FIGS. 5-7 show, in sequence, the manner in which the cuff, or "false" cuff, of FIG. 4 functions. The functioning may be analogized to a piston-and-cylinder operation, with the cylinder 126 performing its usual role, and the wristlet 24 corresponding to the piston moving relative to the cylinder. FIG. 5 shows the free end of the sleeve 20 with the "false" cuff 22 secured thereto, and a fraction of wristlet 24 projecting therefrom. This view shows the sleeve, cuff and wristlet, in their normal position, the position assumed when the wearer places the jacket on his body, adjusts the inner liner relative to the shell by adjusting internal straps 86, 88, 90, 98, 100, 102 as needed, and closes zipper 18 on the jacket. Elastic section 76 on the lower edge of the jacket, and wristlets 24, 26, anchor the jacket on the body of the wearer.
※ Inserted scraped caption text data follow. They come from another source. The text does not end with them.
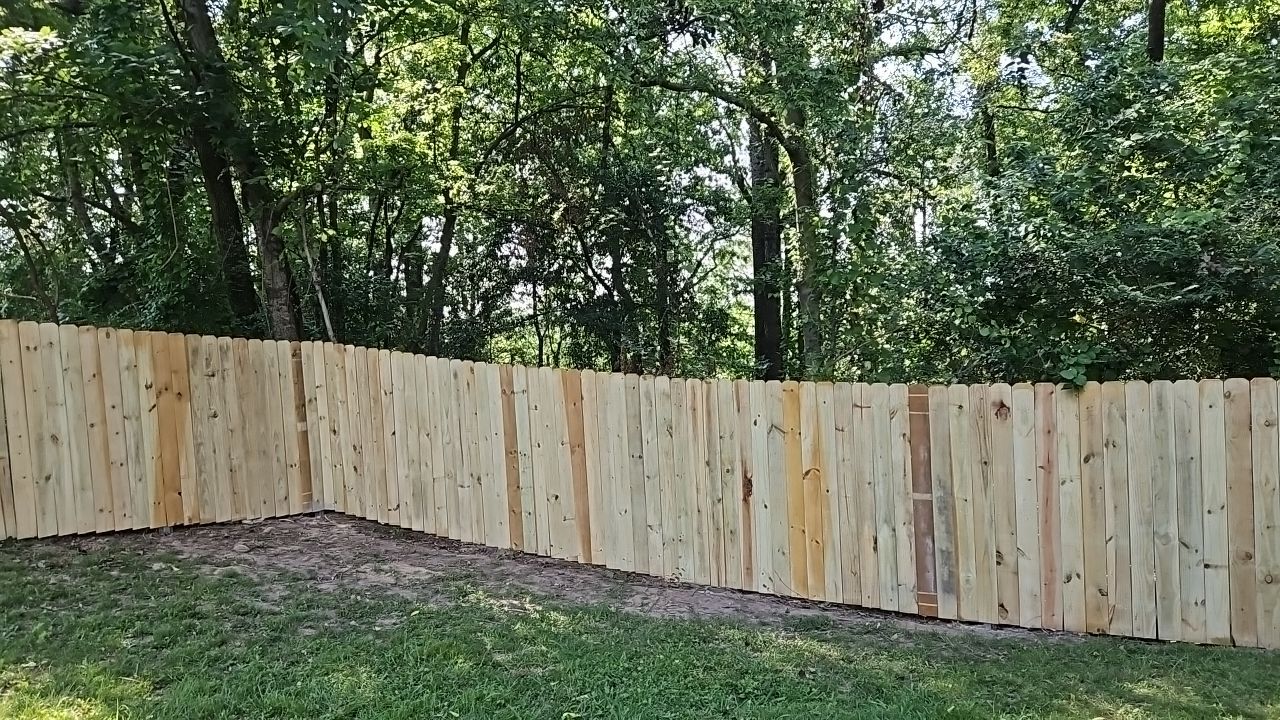 Berry Road - Fence Installation  by Pillar and Pine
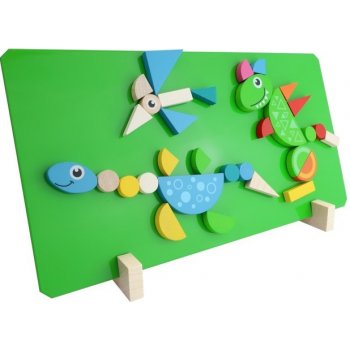 Magnetické puzzle Dino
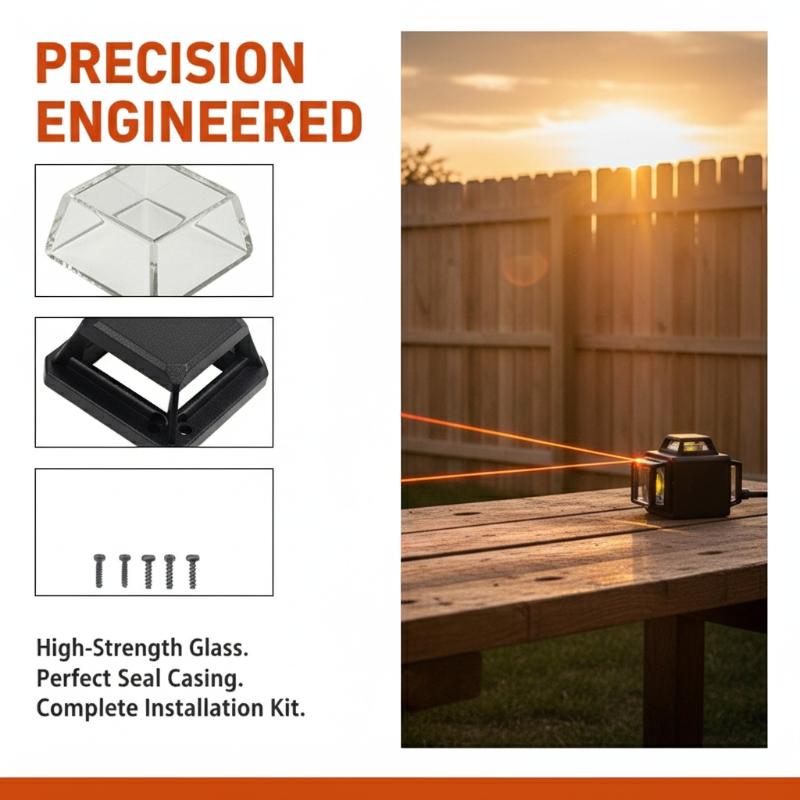 Защитное стекло для лазерного  – обзор и цена Industrial Laser Alignment Tool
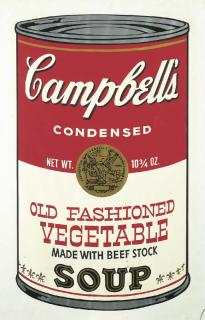 Andy Warhol - Campbell\'s Soup II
FIG. 6 shows an intermediate position of movement for the wristlet 24 relative to "false" cuff 22. In such intermediate position, the wristlet has traveled outwardly relative to cylinder 126, as the wearer of the jacket starts to swing his arm(s), or undertake some other vigorous exercise. The gusset 132 (not visible in FIGS. 5 and 6) is turned inside out by the travel of wristlet 24; the gusset does not interfere with the initial travel of the wristlet 24.
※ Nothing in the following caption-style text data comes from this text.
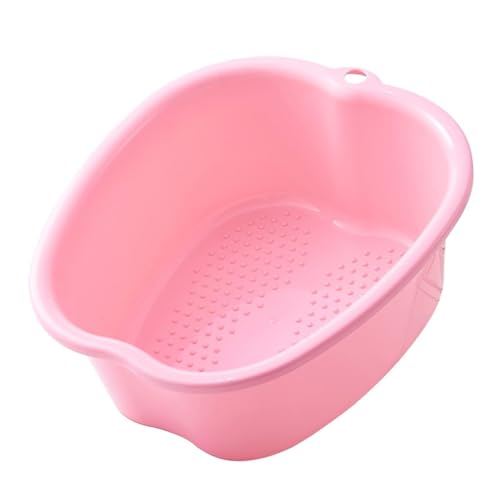 Bañera para pies de plástico reforzado rosa miniatura 1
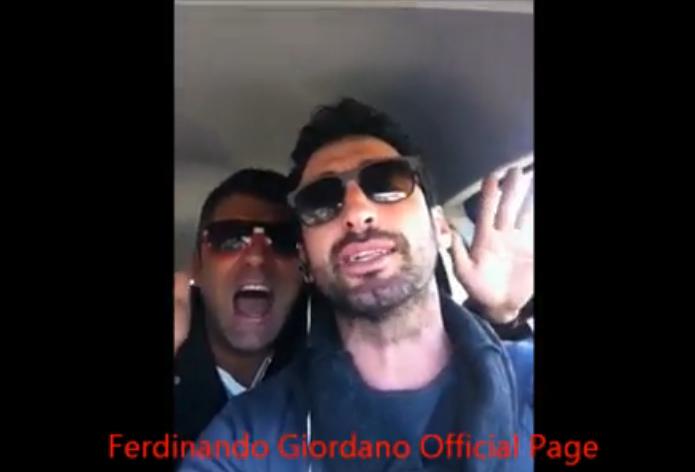 Ferdinando Giordano e Jimmy Barba fanno gli auguri di buon anno ai loro fans: video article-post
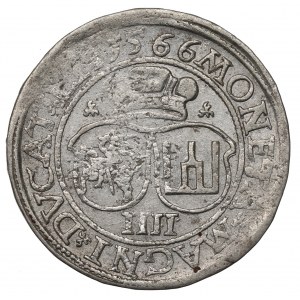 Sigismund II Augustus, 4 groschen 1566, Vilnius - L/LIT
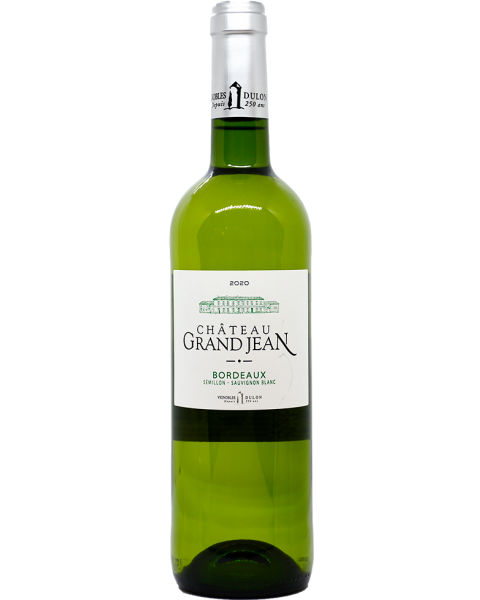 Chateau Grand Jean Bordeaux Blanc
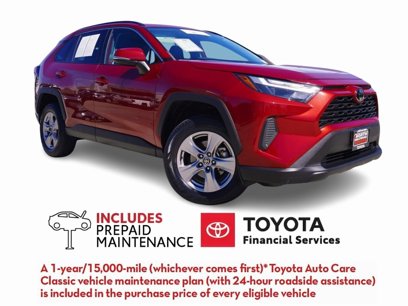 Certified 2023 Toyota RAV4 XLE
FIG. 7 shows the extreme position of movement for the wristlet 24 relative to "false" cuff 22. In such extreme position, the wristlet has traveled further outwardly relative to cylinder 126, as the wearer of the jacket completes the swinging motion of his arms. As an illustrative example, a golfer wearing the jacket would be following through on his swing, and the wristlet 24 would continue to move during the backswing, downswing, and follow-through phases of a drive. As wristlet 24 continues its movement towards its limit of travel, resilient band 134 (shown in FIG. 4), exerts a restraining force upon wristlet 24. Such restraining force urges the wristlet back to the intermediate position adopted in FIG. 6. The bias of the inherent resiliency of band 134 provides an active restraint upon the movement of wristlet 24.
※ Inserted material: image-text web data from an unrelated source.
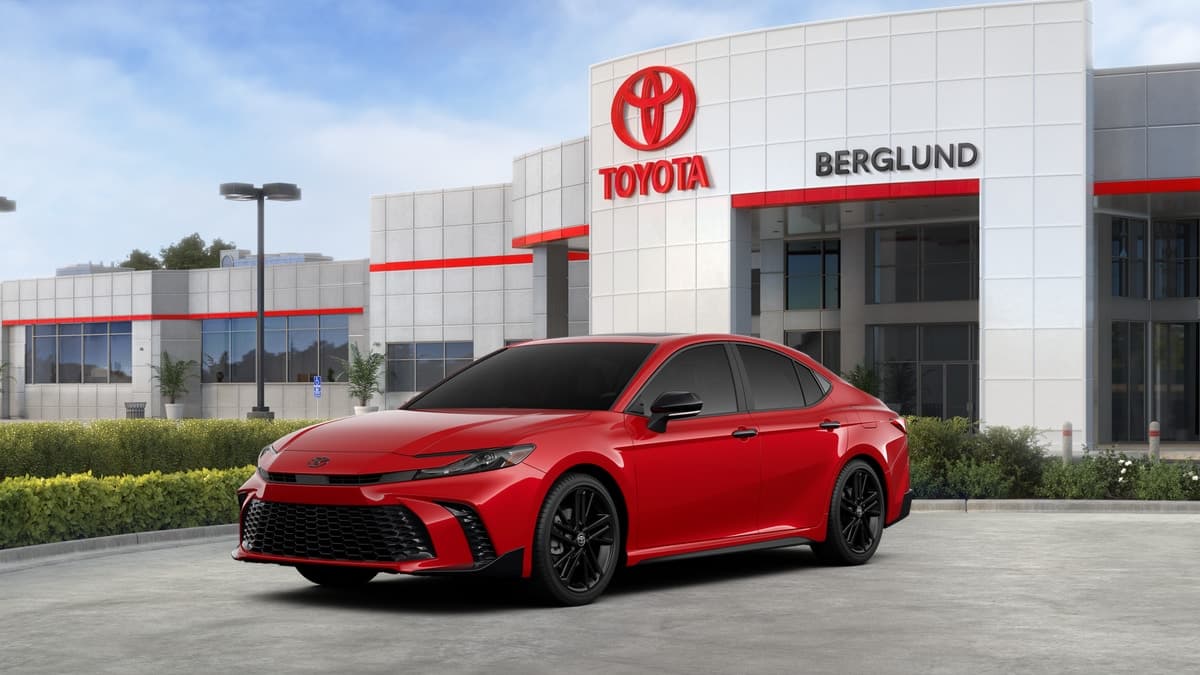 2026 Toyota Camry Nightshade — photo 1 of 22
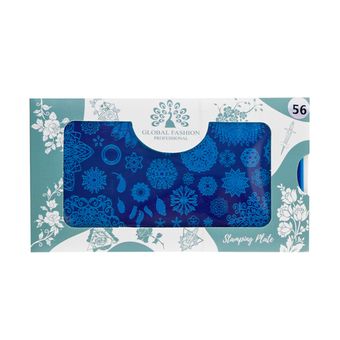 Диск для стемпинга Global Fashion #-56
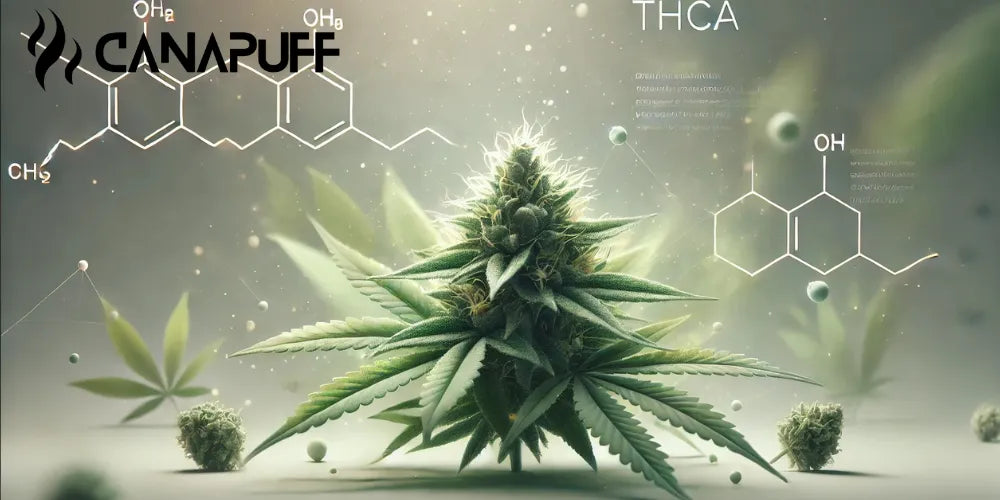 Hoe lang blijft THCA in je systeem? - Canapuff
Wristlet 24 is capaable of two and a half to three inches of unrestricted travel before gusset 132 is turned inside out, and resilient band 134 comes into play, as suggested by a comparison of FIGS. 5 and 6. Wristlet 24 is capable of an additional two-three inches of travel, against the urging of restraining band 134, before the wristlet reaches its limit of travel. Thus, in total, wristlet 124 is capable of a minimum of five inches of travel, and a maximum of six inches of travel, before the resistive force of band 134 exceeds the opposing force produced by the swinging movement of the arms of the user. The turning inside-out of the gusset, allows two and a half to three inches of passive movement, while the stretching of restraining member 134 serves as an active restraint allowing two-three inches of additional travel. The significant extent of travel of wristlet 24, and wristlet 30, allows the jacket 10 to be worn comfortably, without having the sleeves interfere, or "ride-up" the arms of the wearer, despite divergent exercises and athletic movements attributable to diverse sports and activities.

SUMMARY OF OPERATION

The manner of utilizing the jacket 10, shown in detail in the preferred embodiment of FIGS. 1-7, may be summarized in the following manner. Starting with FIG. 1, the wearer, or user, opens, or unzips, zipper 18 so that the interior of the jacket is visible. As shown in FIG. 2, liner 50 is adjustable so that it may fit snugly about the body of the wearer, particularly in the area of the sides, stomach and back. The liner is adjusted, as needed, by pressing the snap buttons 92, 94, and 96 into the selected receptacles 86, 88, 90 secured to straps 80, 82, and 84. The same procedure is followed by pressing buttons 110, 112, 115 into receptacles 104, 106, 108 on straps 98, 100, 102. By virtue of such adjustment, resilient insert 52 bears against the back of the wearer. The jacket is then zipped closed by drawing zipper 18 upwardly. Elastic section 76, shown in FIGS. 2 and 3, is drawn against the back of the wearer.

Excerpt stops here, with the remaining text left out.